FSP, Capa e Brasil, p. A1 e A9
23 de Jan de 2004

Índios se negam a deixar áreas invadidas
Um dia após conflito, lideranças afirmam que nem com "derramamento de sangue" cumprirão ordem da Justiça

Hudson Corrêa
Da Agência Folha, em Japorã (MS)

O cacique Tdju, 64, líder dos índios que invadiram 14 fazendas em Japorã (464 km de Campo Grande), disse ontem que os guaranis e caiuás não deixarão as terras para ficar nas porteiras das áreas, como decidiu anteontem a desembargadora Consuelo Yoshida, do TRF (Tribunal Regional Federal) da 3ª Região.

Ela mandou que os índios formem oito grupos e aguardem por 20 dias nas entradas das áreas, até que "seja agilizado o processo de regularização fundiária da terra indígena". A Agência Folha levou ontem uma cópia da decisão de Yoshida até uma das áreas invadidas.
Tdju leu o documento.
"Daqui nós não vamos sair.
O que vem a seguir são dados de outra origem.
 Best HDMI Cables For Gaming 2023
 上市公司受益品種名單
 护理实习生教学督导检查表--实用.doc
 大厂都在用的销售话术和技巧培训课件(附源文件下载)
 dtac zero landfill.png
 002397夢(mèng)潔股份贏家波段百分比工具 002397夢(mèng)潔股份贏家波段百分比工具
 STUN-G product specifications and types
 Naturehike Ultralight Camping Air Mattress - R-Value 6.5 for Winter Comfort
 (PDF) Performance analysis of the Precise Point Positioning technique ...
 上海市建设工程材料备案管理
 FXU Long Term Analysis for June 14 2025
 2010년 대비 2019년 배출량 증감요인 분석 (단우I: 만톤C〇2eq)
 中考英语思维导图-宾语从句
Podem derramar nosso sangue e também o das crianças. Vamos ficar a vida toda aqui", disse o cacique com o rosto coberto por um capuz e pintado para guerra.

Segundo a Funai (Fundação Nacional do Índio), cerca de mil índios ainda estão nas propriedades. As lideranças indígenas afirmam que são mais de 3.000.
A desembargadora do TRF suspendeu parcialmente a decisão do juiz Odilon de Oliveira. Ele havia determinado a retirada dos índios pela Polícia Federal e a reintegração de posse aos fazendeiros.

Segundo a assessoria da PF, devido à decisão de Yoshida, está suspensa a operação de desocupação, que envolveria 600 policiais ao custo de R$ 100 mil.
Geones Miguel Ledesma Peixoto, advogado dos fazendeiros, disse que vai entrar hoje com recurso no TRF da 3ª Região contra a decisão da desembargadora.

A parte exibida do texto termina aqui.